HOLE
17
PAR
4

GREEN
372

BLUE
341

GOLD
312

WHITE
259

RIVER COURSE – HOLE 17

Handicap: Men’s 14 | Women’s 14

This is the shortest hole on the golf course.

A driver is not required off the tee, but don’t layup too far back as the green is one of hardest to get it close.

Hitting to end of the fairway will leave the player with an uphill approach shot to a green that is well protected.

The left side of the green slopes severely and the right side has a deep sand trap that guards the front of it.

If the pin is on the left, you must be below the hole.

PRO TIP

A driver is not required off the tee as the fairway runs out, more quickly on the right side of the fairway than the left.

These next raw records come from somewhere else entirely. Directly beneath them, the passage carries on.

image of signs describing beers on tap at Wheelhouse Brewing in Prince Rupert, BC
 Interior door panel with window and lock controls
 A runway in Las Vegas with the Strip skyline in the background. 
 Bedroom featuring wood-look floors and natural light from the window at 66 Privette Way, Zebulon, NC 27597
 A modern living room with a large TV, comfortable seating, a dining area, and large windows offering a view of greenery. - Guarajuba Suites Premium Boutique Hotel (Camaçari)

You’re second shot plays up the hill and you’ll want to be below the hole if the pin is on the left.

ENVIRONMENTAL IMPACT

Queenstown Harbor is home to many species of trees that line the fairways, wrap around the shorelines, and provide deep pockets of protected forest. You’ll notice a variety of tree groupings as you play both courses – often consisting of pines, oaks, maples, dogwoods and evergreens.

The fairways at Queenstown Harbor are a beautiful Patriot Bermuda grass. The greens are a type of turf grass called bentgrass. Bentgrass consists of very thin blades of grass densely packed together that offers a smooth surface for a perfect putt. Bentgrass is a popular choice for golf courses in the area and even the choice at Augusta National.

In addition, Queenstown Harbor has a wide variety of native grasses that grow around Queenstown Harbor. Along the shorelines you’ll find wetlands with a variety of Chesapeake Bay vegetation. The inland are freshwater lakes offer a new variety of native plants.

WILDLIFE HABITATS

Each and every day, a wide variety of wildlife can be found on the golf courses. These animals find refuge in the waters, trees, and woods that surround the property – and we are committed to preserving these habitats.

One of Queenstown Harbor’s most popular inhabitants is the whitetail deer. While out golfing, you’ll often spot these deer huddled in small groups, walking across fairways, or grazing along the wood lines.

The most notable bird overhead is the osprey that arrives in mid-March after completing a long flight from South America. They return to South America by mid-October and will return to the Chesapeake Bay (often to the same exact nests) to start families and fish from the abundant waters.

Bald eagles grace us with their presence regularly and blue herons are often spotted along the shorelines both on the river and lakes courses.  They will quietly hunt the inland lakes and coastal shorelines.